It’s Sunday night and I am tired. Why? Because I got up at my usual time of 7am, which registered as 6am, making me feel like I need to stay in bed an hour longer. I didn’t.

Now it is 7:20pm and I just finished dinner. According to my internal clock it is closer to 8:30pm, and this will not bode well for my sleep tonight, having eaten so late. My circadian rhythm has been unnaturally disrupted - for the second time this year. Aaargh!

Yep, I am annoyed at this Daylight Savings Time (DST) twice annual ritual of Spring ahead and Fall back. What nonsense!

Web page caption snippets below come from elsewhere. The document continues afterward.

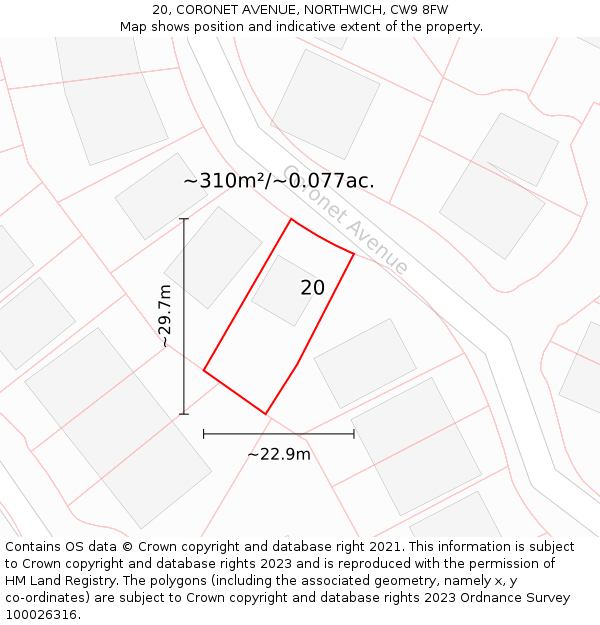 20, CORONET AVENUE, NORTHWICH, CW9 8FW: Plot and title map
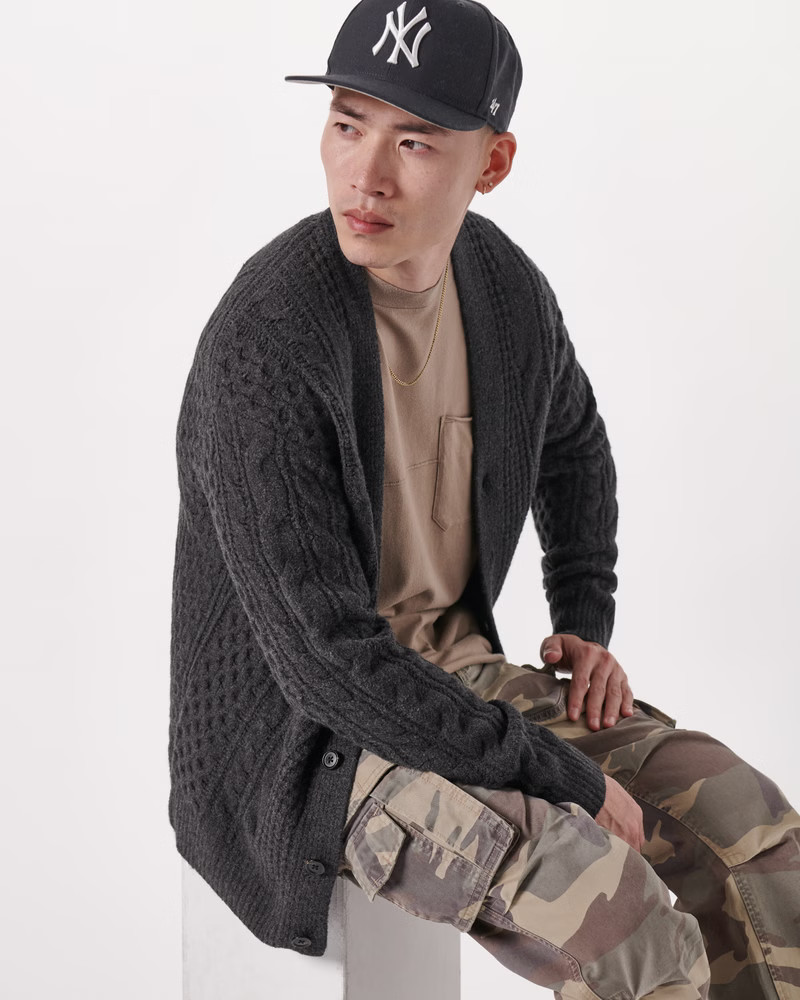 Men's Textured Cardigan | Men's Tops | Abercrombie.com | Abercrombie & Fitch (US)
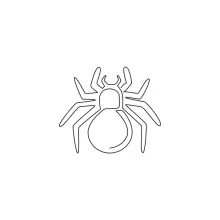 Dangerous spider single line art for nature drawing.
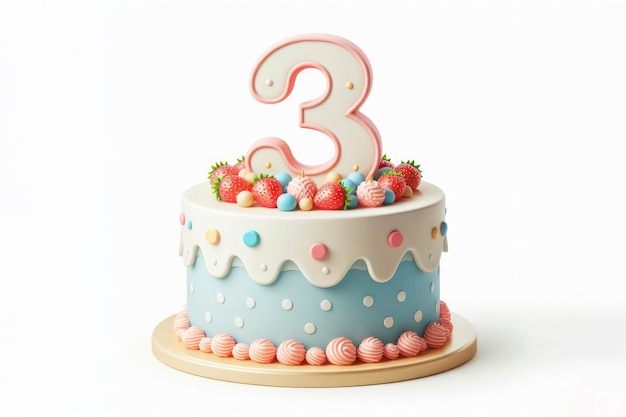 Zdjęcie tort urodzinowy z numerem 3 na górze, odizolowany na białym tle, ai generatywny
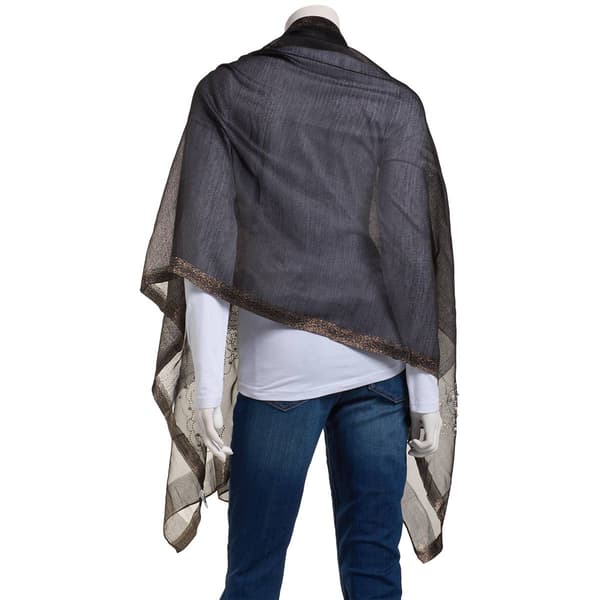 Womens Jessica McClintock Sheer Roses Metallic Shawl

To give you some background, this was a national wartime effort to save fuel back in World War I, and it was repealed in 1919, after the war ended. However, some cities kept with it, and others didn’t, which led to confusion. To fix things, the 1966 Uniform Time Act cemented this change twice a year on a national level.

Only it didn’t. 48 states follow the national edict, however Hawaii and Arizona don’t. Neither do some Amish communities and the territories (Puerto Rico, the US Virgin Islands, the Northern Mariana Islands, Guam, and American Samoa, if you must know) don’t adhere to DST.

So what are the advantages and disadvantages of this twice-yearly break to our natural circadian rhythm?

Pros first:

  • DST promotes safety by reducing car accidents, including pedestrians getting hit by a car. It is safer for runners, dog walkers and children playing outside. Apparently, robberies drop 7% overall because street crime tends to occur during evening commuting hours of 5-8pm.

  • DST is good for retail business and golf courses. Later daylight means more shopping. DST is worth $200 - $400 million to the golf industry because of the extended evening hours that golfers can play. Also, according to Chambers of Commerce, which support DST, consumer spending increases during DST. Comparing Phoenix, AZ (which doesn’t follow DST) to Los Angeles, CA shoppers spend 3.5% less in LA after DST ends in the fall.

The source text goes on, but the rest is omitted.